また、本発明によれば、内容物を覆い隠すことなく、内容物の視認性が良い、透明あるいは半透明な固形状の酸素検知剤が提供される。

Claims (10)

  1. 層状ケイ酸塩、カチオン界面活性剤、有機色素および還元剤を必須成分として混合してなり、前記層状ケイ酸塩の層間にカチオン界面活性剤、有機色素および還元剤が挿入された複合体からなる酸素検知剤組成物。
  2. 前記層状ケイ酸塩が、スメクタイト族から選ばれた層状ケイ酸塩である請求項1記載の酸素検知剤組成物。

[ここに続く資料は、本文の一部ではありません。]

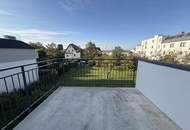 AB OKTOBER: Wohlfühlwohnung mit Balkon – 2 Zimmer zum Verlieben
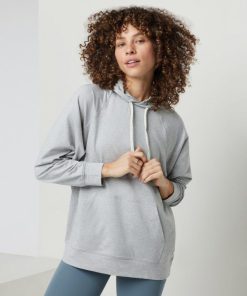 Bitewear.shop29ef6b3b2c 1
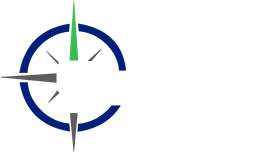 Strada Veiculos Logo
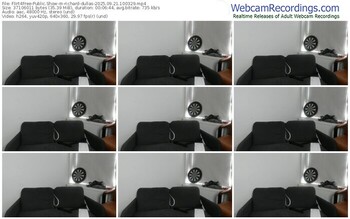 flirt4free-richard-dullas-09-21-2025-10-03-29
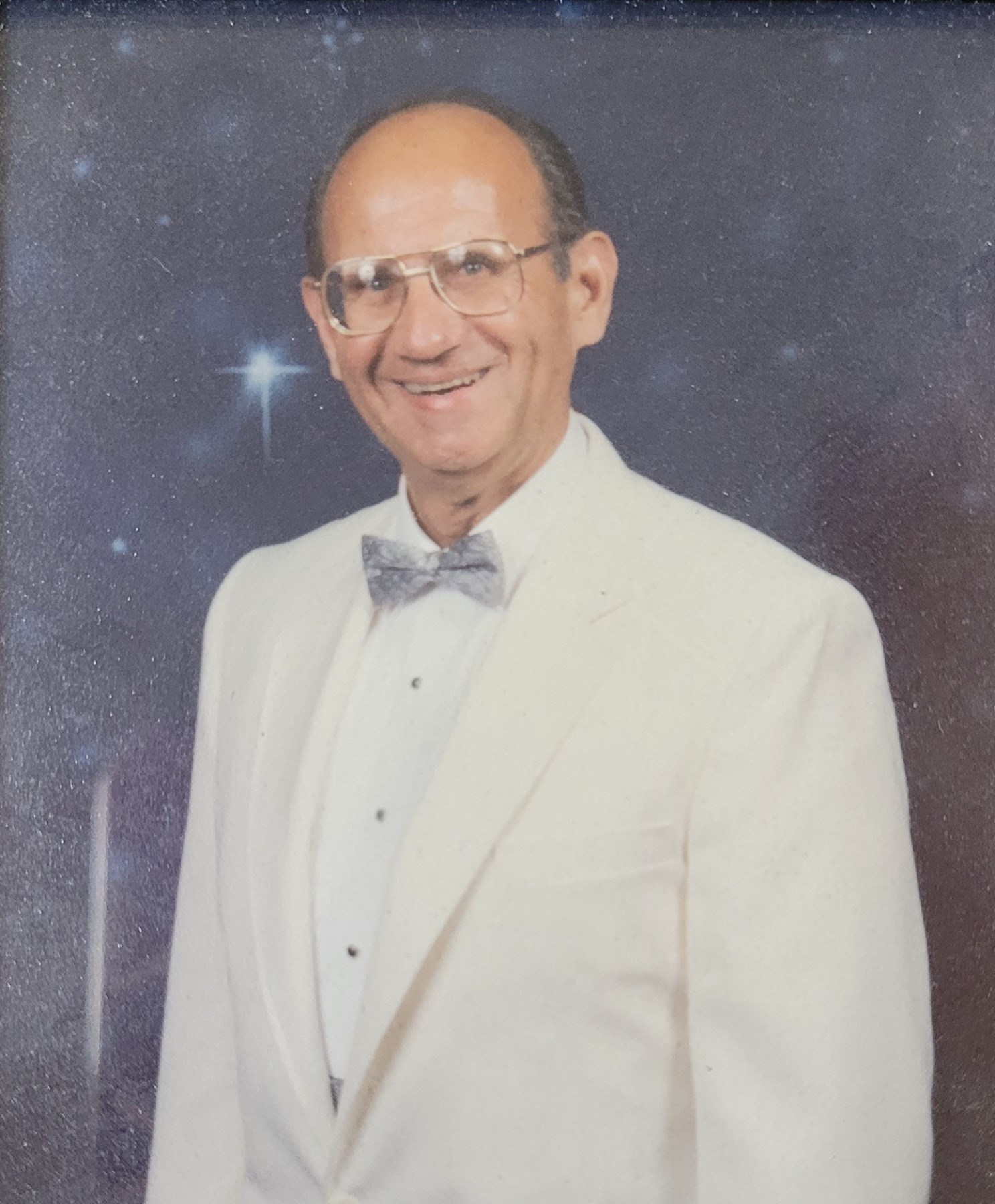 Obituary of John A Mihalik, Sr.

  3. 前記層状ケイ酸塩1部に対して前記カチオン界面活性剤が0.1〜100部である請求項1記載の酸素検知剤組成物。
  4. さらに塩基性物質を含有する請求項1または2記載の酸素検知剤組成物。
  5. 請求項1〜4のいずれかに記載の酸素検知剤組成物を無機物と混合してなる酸素検知剤。
  6. 請求項5記載の酸素検知剤を打錠してなる錠剤状の酸素検知剤。
  7. 請求項1〜4のいずれかに記載の酸素検知剤組成物を紙、布または糸に含浸させてなる、酸素検知剤。
  8. 請求項1〜4のいずれかに記載の酸素検知剤組成物からなる酸素検知インキ用顔料。
  9. 請求項1〜4のいずれかに記載の酸素検知剤組成物を含有する酸素検知インキ。
  10. 請求項9記載の酸素検知インキを塗布または印刷してなる酸素検知体。